> [DATA]:
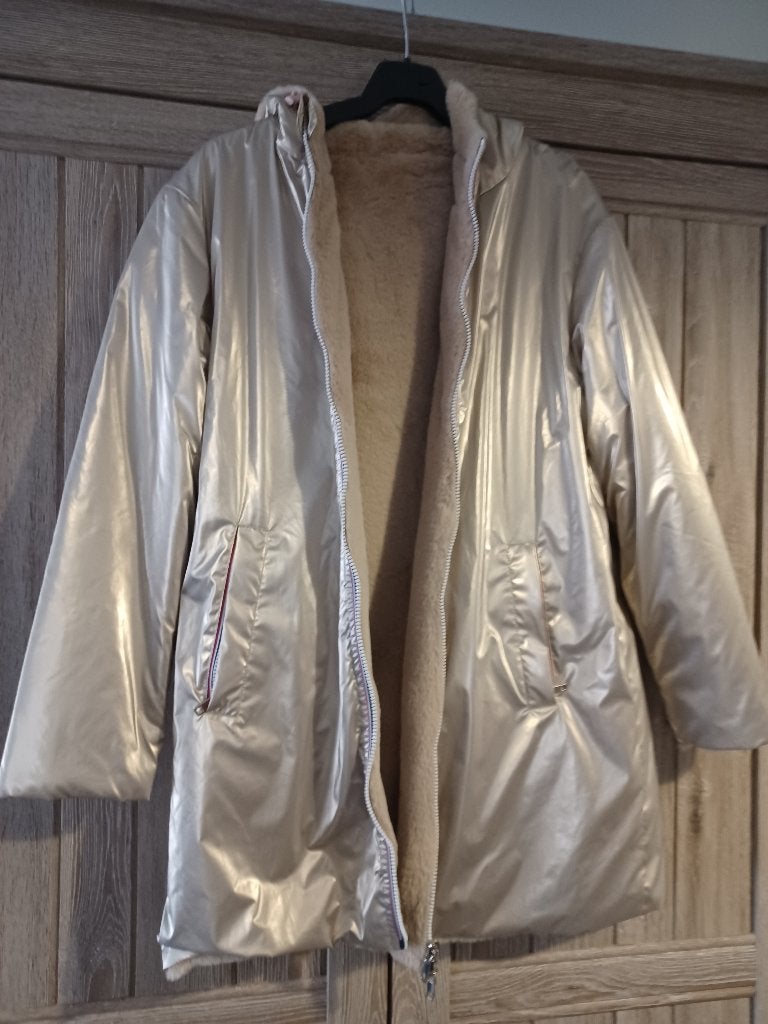 Damesjas beige, Beige, Comme neuf, Enlèvement, Taille 42/44 (L)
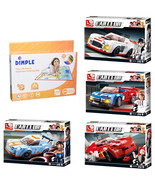 SlubanKids Cars Building Blocks 643 Pcs With Coloring Play Mat &amp; Markers... - €38,56 EUR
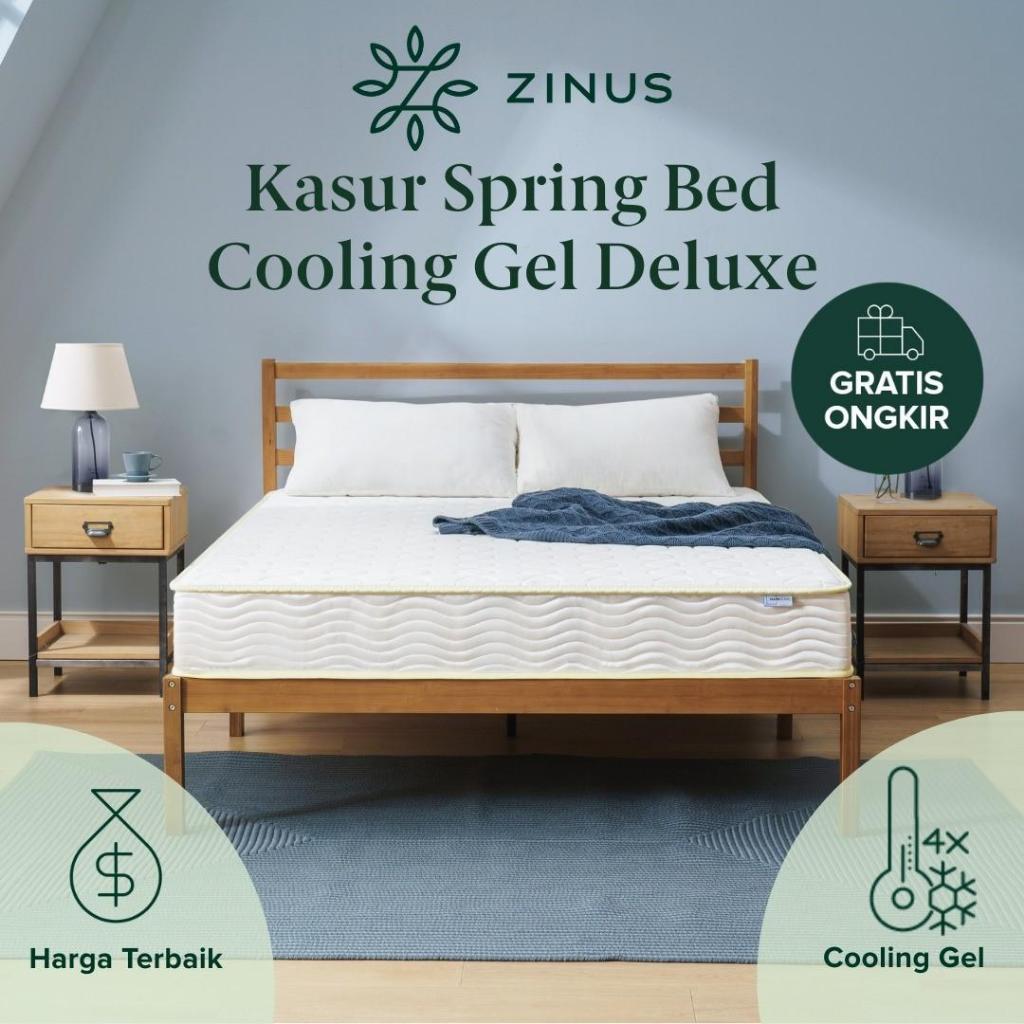 [GRATIS ONGKIR] Kasur Spring Bed Zinus Deluxe Tempat Tidur In a Box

> [ASSIGNMENT]: With the pictures left out, copy exactly the lines from the one containing "SlubanKids Cars Building" through the last line of the data.

> [ANSWER SECTION]:
 SlubanKids Cars Building Blocks 643 Pcs With Coloring Play Mat &amp; Markers... - €38,56 EUR
 [GRATIS ONGKIR] Kasur Spring Bed Zinus Deluxe Tempat Tidur In a Box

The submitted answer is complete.